Order 841 directs operators of wholesale markets — Regional Transmission Organizations (RTOs) and Independent System Operators (ISOs) — to come up with market rules for energy storage to participate in the wholesale energy, capacity and ancillary services markets that recognize the physical and operational characteristics of the resource.
A level playing field
“The rules will codify mechanisms that will establish a level playing field that, ideally, is relatively comparable across regions,” Daniel Finn-Foley, senior energy storage analyst at GTM Research, told Utility Dive.
FERC specifies that those rules must:
- Ensure that a storage resource can provide all the services it is technically capable of providing,
- Ensure that an energy storage resource can be dispatched and can set market clearing prices as both a buyer and a seller,
- Account for the physical and operational characteristics of storage resources through bidding parameters or other means,
- Establish a minimum size for participation in RTO/ISO markets that does not exceed 100 kW, and
- Specify that the sale of electricity from the RTO/ISO markets to a storage resource that the resource resells must be at the wholesale locational marginal price.

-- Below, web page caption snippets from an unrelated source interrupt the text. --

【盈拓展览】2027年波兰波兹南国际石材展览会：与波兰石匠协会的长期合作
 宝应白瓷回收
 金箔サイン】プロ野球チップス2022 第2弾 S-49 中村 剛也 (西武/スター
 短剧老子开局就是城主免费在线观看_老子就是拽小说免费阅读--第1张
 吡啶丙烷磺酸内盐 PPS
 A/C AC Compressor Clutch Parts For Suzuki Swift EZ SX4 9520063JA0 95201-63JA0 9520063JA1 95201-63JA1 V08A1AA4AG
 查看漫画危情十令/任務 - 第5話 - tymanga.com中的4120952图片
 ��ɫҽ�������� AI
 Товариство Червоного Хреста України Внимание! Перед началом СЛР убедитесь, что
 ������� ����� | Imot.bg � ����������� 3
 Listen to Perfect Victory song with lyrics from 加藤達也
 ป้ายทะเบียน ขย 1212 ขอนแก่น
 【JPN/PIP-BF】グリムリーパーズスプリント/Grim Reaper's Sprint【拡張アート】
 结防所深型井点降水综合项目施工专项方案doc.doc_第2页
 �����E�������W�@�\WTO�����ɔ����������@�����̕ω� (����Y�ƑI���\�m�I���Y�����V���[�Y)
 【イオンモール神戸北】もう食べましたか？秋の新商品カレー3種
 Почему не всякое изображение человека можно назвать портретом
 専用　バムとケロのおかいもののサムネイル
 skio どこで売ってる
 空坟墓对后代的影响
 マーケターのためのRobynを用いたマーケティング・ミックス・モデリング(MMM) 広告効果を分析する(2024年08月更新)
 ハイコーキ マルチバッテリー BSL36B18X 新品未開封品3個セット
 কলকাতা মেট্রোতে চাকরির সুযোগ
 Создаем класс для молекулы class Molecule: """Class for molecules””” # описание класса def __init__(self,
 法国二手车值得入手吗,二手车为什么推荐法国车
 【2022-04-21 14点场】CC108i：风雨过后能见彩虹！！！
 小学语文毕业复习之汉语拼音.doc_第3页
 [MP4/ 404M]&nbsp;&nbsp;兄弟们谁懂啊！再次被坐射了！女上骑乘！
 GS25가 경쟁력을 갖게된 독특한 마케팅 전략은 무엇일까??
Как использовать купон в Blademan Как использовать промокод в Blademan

FERC gave RTOs and ISOs nine months to file tariffs that comply with the order and another year to implement those tariff provisions.
Finn-Foley called the FERC rules “a starting point” for the development of energy storage projects in wholesale markets. “It is as if the industry has had one hand tied behind its back,” Finn-Foley said.
Growth through fiat
Much of the growth in energy storage to date has come about through regulatory fiat, such as California’s mandate to use storage to fill the capacity gap left by the Aliso Canyon methane leaks.
Aliso Canyon proved energy storage can provide capacity, Finn-Foley said, and with the right market design it could provide capacity services in other markets, as well. He cited research by GTM that shows energy storage will be competitive with new build gas-fired peakers in five to 10 years. But that can’t happen unless the right market mechanisms are in place, he noted.